START Records shown

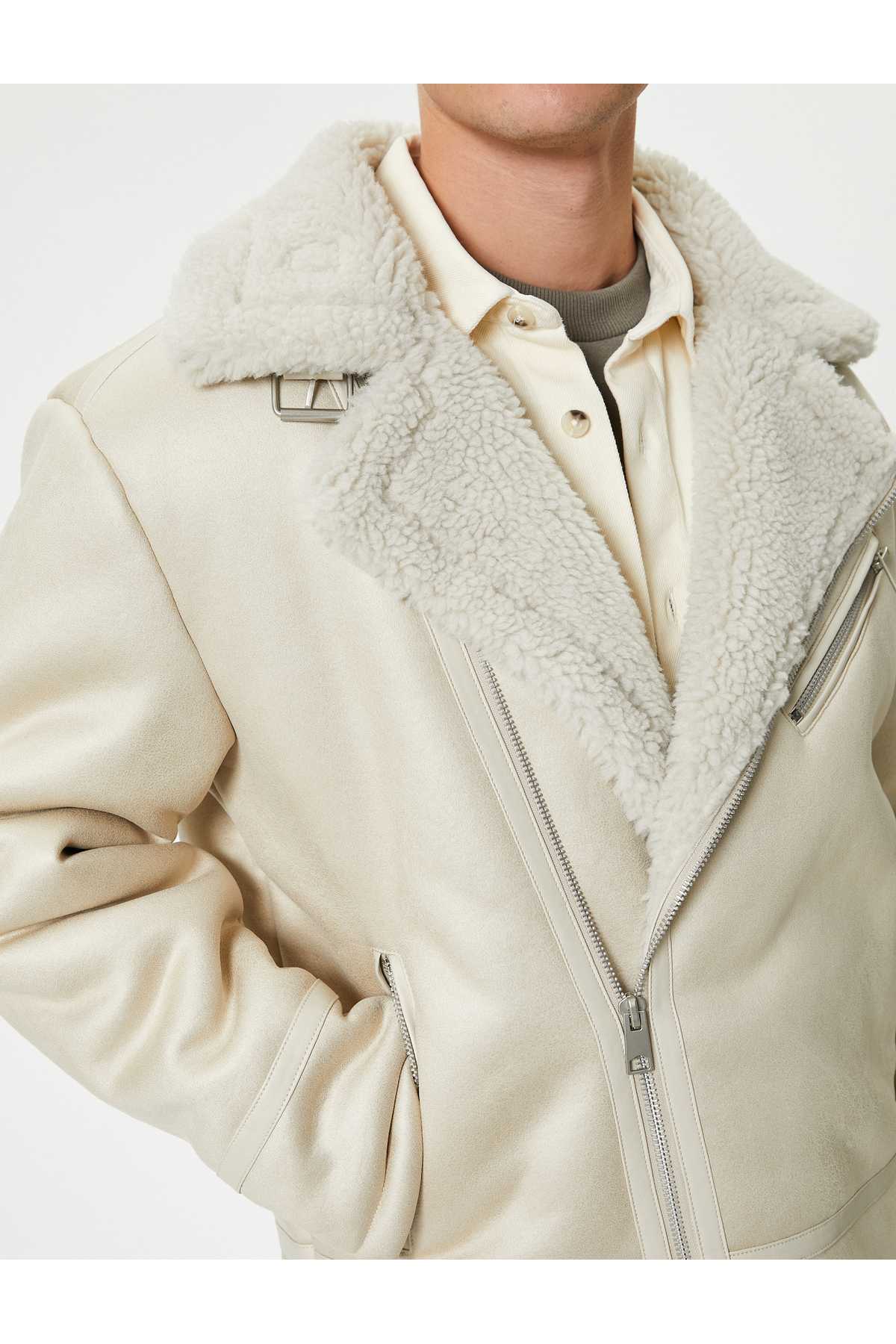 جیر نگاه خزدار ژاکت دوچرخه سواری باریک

END Records shown
START Records shown

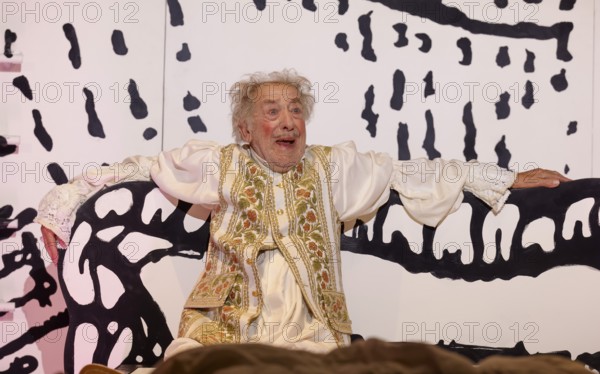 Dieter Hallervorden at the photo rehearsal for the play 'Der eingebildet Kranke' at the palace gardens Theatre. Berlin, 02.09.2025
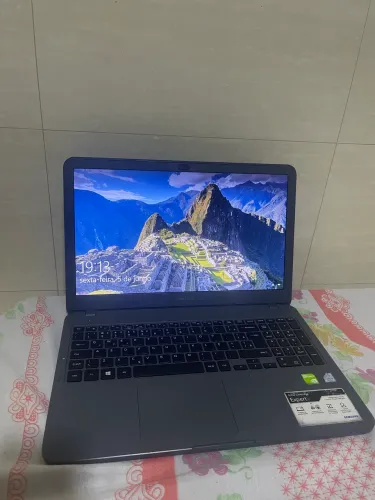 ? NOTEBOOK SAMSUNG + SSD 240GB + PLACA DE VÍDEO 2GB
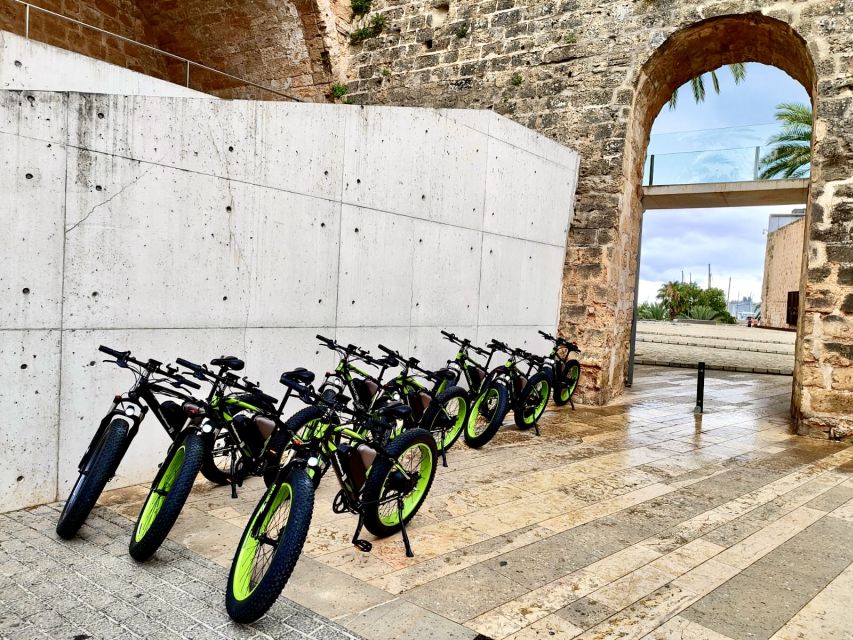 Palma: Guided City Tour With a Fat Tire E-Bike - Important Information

END Records shown

→ **Aim of the exercise**
Would you copy the lines above exactly, starting with the one that has "Dieter Hallervorden at" and ending with the one that has "Palma: Guided City", both included, without the pictures?

→ **Solution**
 Dieter Hallervorden at the photo rehearsal for the play 'Der eingebildet Kranke' at the palace gardens Theatre. Berlin, 02.09.2025
 ? NOTEBOOK SAMSUNG + SSD 240GB + PLACA DE VÍDEO 2GB
 Palma: Guided City Tour With a Fat Tire E-Bike - Important Information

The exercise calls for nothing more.